La mondialisation des choses se trouve en retrait, mais reste avec nous. Le commerce mondial de marchandise recule, tout comme le commerce des services et le volume global des investissements internationaux. Le raccourcissement des chaines d’approvisionnements est principalement causé par la relocalisation de certaines productions (en priorité celles, qui sont indispensables dans les situations de crise pour la sécurité nationale), par la diversification des sources d’acquisition des matières de base, des demi-produits et des pièces de rechange nécessaires à la production locale et, par le renforcement du stockage afin de réduire les risques découlant des délais de livraisons dans les situations de crise. Ces trois facteurs ; la relocalisation, la diversification des sources et le stockage, aboutissent à la réduction de la mondialisation des choses exprimées premièrement par le volume des mouvements internationaux des marchandises, des services et des capitaux.
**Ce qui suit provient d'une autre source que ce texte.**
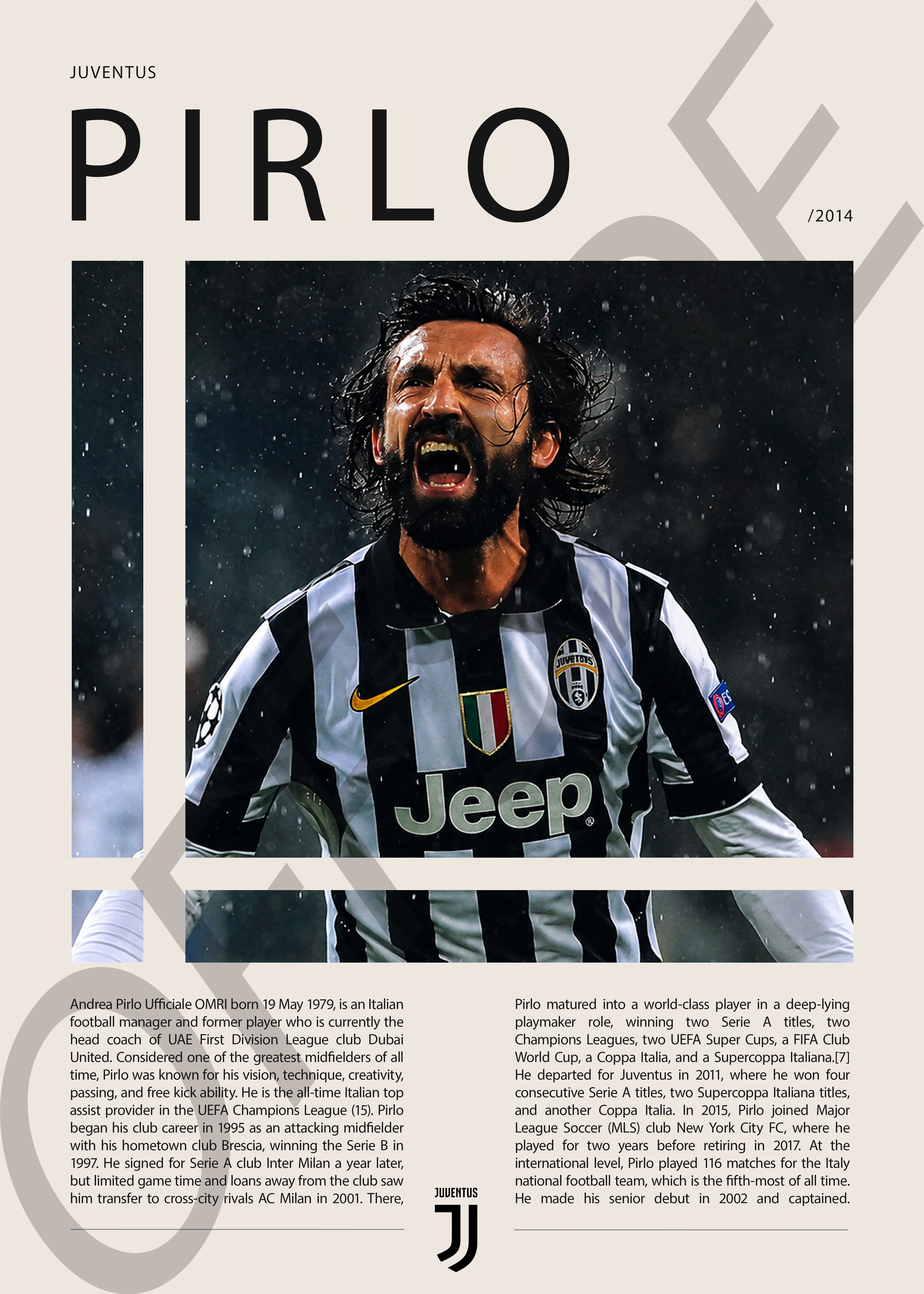Adrea Pirlo "El Arquitecto" en Juventus Temporada 2014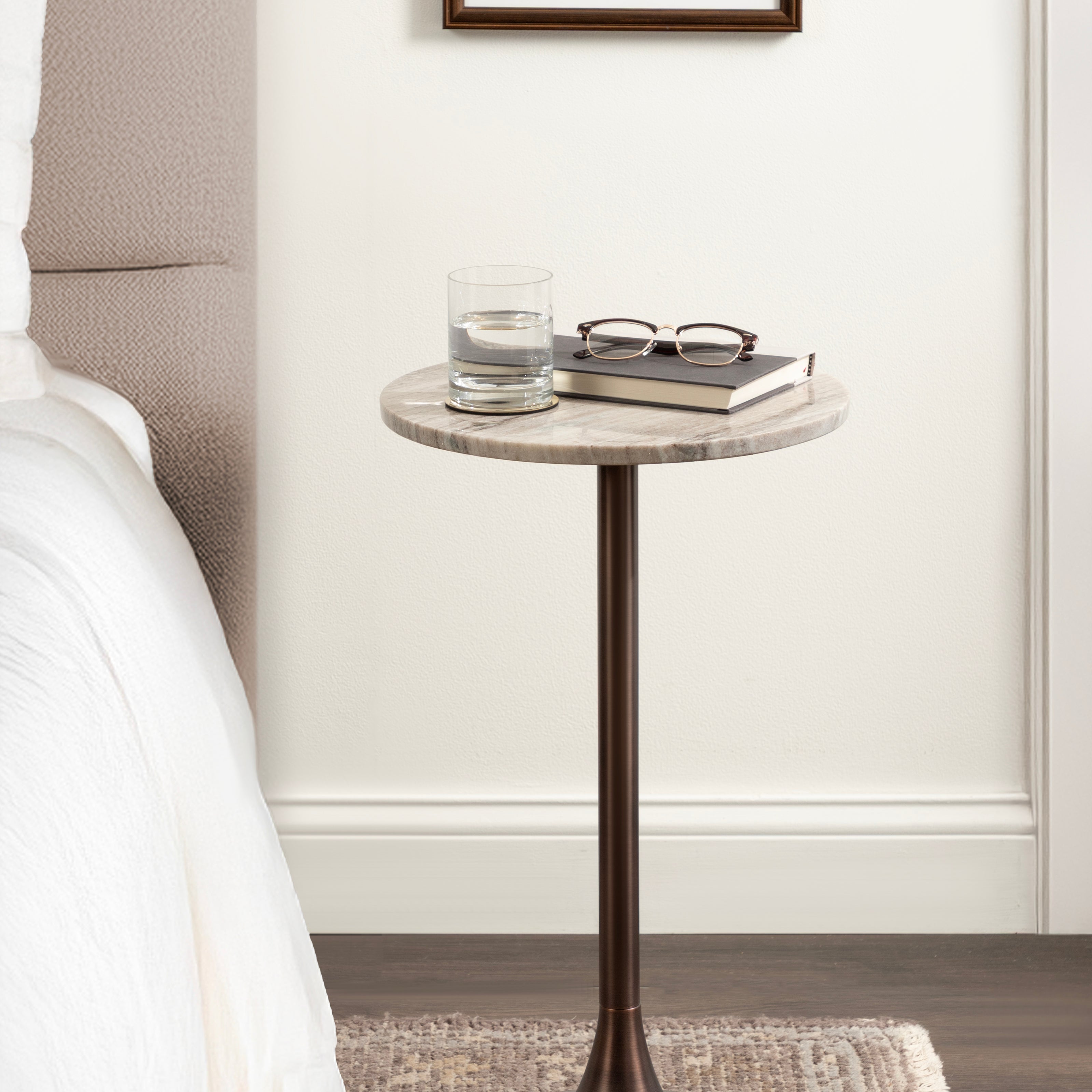 Side Table 14x14x24 Brown Bronze 7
La modération du commerce international par rapport à la croissance du PNB mondial et le recul du commerce mondial de marchandise sont des processus qui ont commencé il y a déjà plusieurs années pour des raisons bien connues (développement technologique, prise en compte croissante des aspects de la politique de sécurité, protectionnisme, etc.). Le choc de la pandémie a largement accéléré ce processus déjà en cours. Cependant, la pandémie n’a pas tout changé, elle n’a pas supprimé la mondialisation – contrairement à ce que certains avaient prévu – mais elle a produit une accélération – ou un ralentissement – de certains processus, comme le recul du commerce international, en particulier celui des marchandises. En tout état de cause, la mondialisation subit aujourd’hui une transformation et une restructuration importante, mais se maintient. Le commerce mondial devra être et sera conservé – et nous l’espérons, mieux réglementé – dans l’intérêt non seulement de l’économie mondiale, mais aussi de l’humanité.

Dans le même temps, il est évident qu’il faut renforcer la résilience économique. Cela nécessite la mise en place rapide d’actions visant à modérer certains mouvements internationaux et donc, la mondialisation des choses. Dans la mesure où le renforcement de la résilience est le facteur fondamental du renforcement de la sécurité des États, la sécurité collective devient le facteur central et la considération prédominante dans tous les domaines (y compris économiques, financiers et commerciaux) de l’action politique des États souverains.

Les effets de la crise sont divers et variables, mais ce qui est absolument sûr, c’est que le monde change et qu’il change rapidement. Les effets de la pandémie auront des impacts très différents et inégaux, notamment ils augmenteront les inégalités existantes dans tous les domaines. Les gagnants seront ceux en mesure de s’adapter plus rapidement, plus efficacement que les autres. Ceux qui ne le feront pas seront les perdants. Il est encore trop tôt pour tirer des conclusions définitives concernant les conséquences économiques et géopolitiques de la pandémie, mais la capacité d’adaptation et la rapidité d’action seront certainement des facteurs déterminant de l’avenir, notamment de la compétition entre les États.

Pour l’Union Européenne il faut que les travaux entamés avant la crise, soient accélérés et approfondis. L’Europe doit maintenant démontrer sa capacité d’adaptation et, ce, peut-être même plus vite que les autres. Ce principe, s’applique également pour les États membres, qui, certes sont souverains, mais doivent être capables d’agir ensemble, en particulier dans les situations d’urgence.

En même temps, on peut espérer que l’Union et ses États membres seront également capables de se renouveler et de se renforcer, dans le domaine de la technologie, de la démographie, autrement dit, deux domaines cruciaux et plus largement liés à la culture – et dans un sens plus profond – à l’identité européenne. La technologie comme la démographie sont les deux défis où nous avons perdu déjà beaucoup de poids. Il faut donc renforcer la dimension culturelle de l’intégration européenne, en bref, l’identité européenne ».